(Stored items)
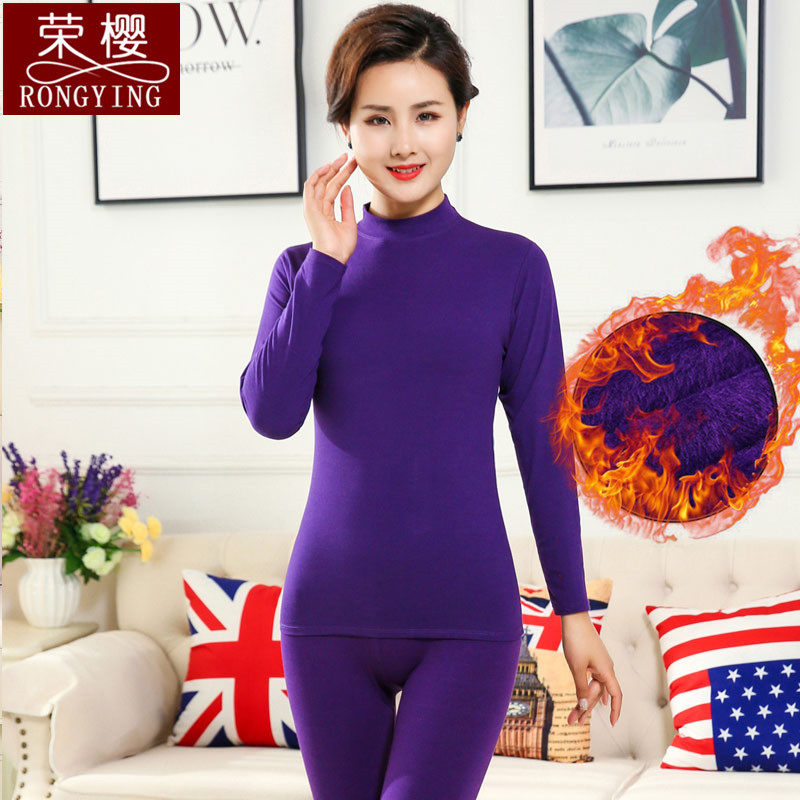Self-calorific heating clothes female style plus suede thickening in high collar middle-aged autumn clothes sanitary pants not down velvet suit winter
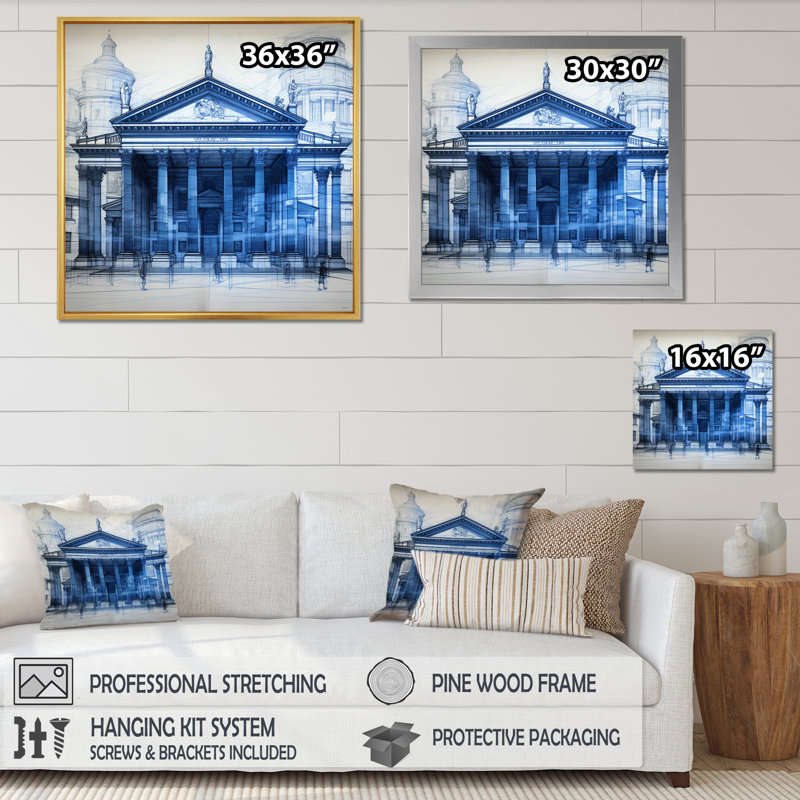 «Blueprint of Washington Architecture I», reproduction sur toile, Cadre simple blanc, H 36 po x l 36 po x P 1,5 po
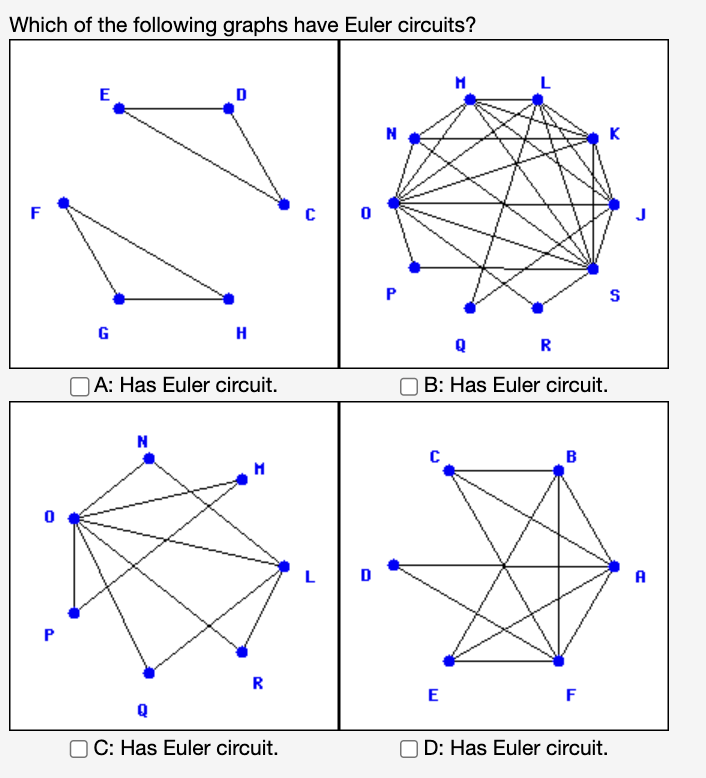 Solved Which Of The Following Graphs Have Euler Circuits?A: | Chegg.com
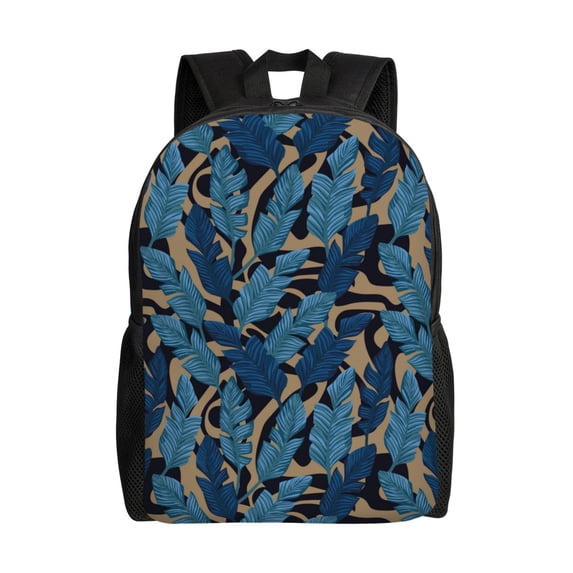 Honeii Blue Leaves A Print Laptop Backpack for Work, College, Travel, Daily Backpacks for Men Women, Sport Rucksack,Computer Bag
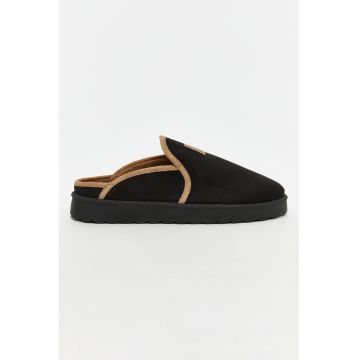 Papuci textili - Negru/Caramel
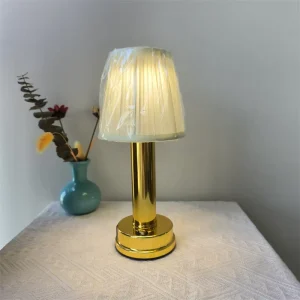 Matt Golden Table Light Battery Powered Cordless LED Retro Bar Fabric Table Lamps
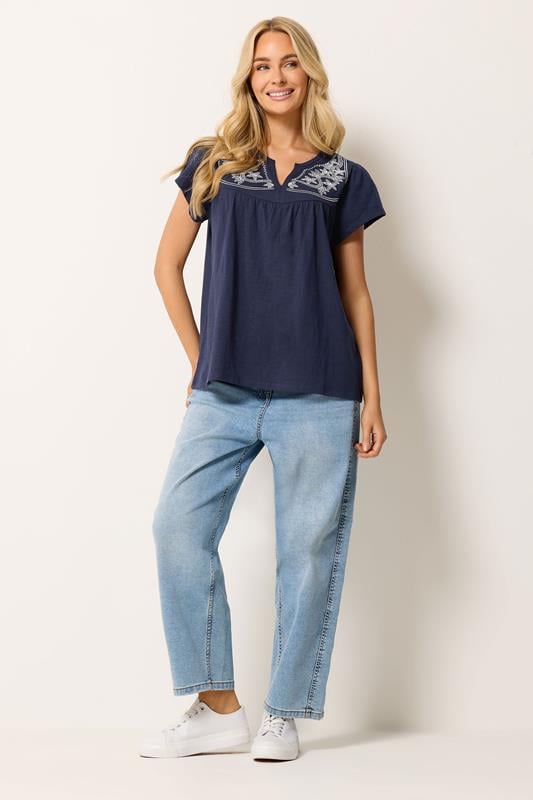 M&Co Navy Blue Embroidered Cotton Notch Neck Top | M&Co 1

• _About this exercise_: The required output is every line from the one containing "Honeii Blue Leaves" through the last line of the data above, restated exactly and without pictures.

• _Result_:
 Honeii Blue Leaves A Print Laptop Backpack for Work, College, Travel, Daily Backpacks for Men Women, Sport Rucksack,Computer Bag
 Papuci textili - Negru/Caramel
 Matt Golden Table Light Battery Powered Cordless LED Retro Bar Fabric Table Lamps
 M&Co Navy Blue Embroidered Cotton Notch Neck Top | M&Co 1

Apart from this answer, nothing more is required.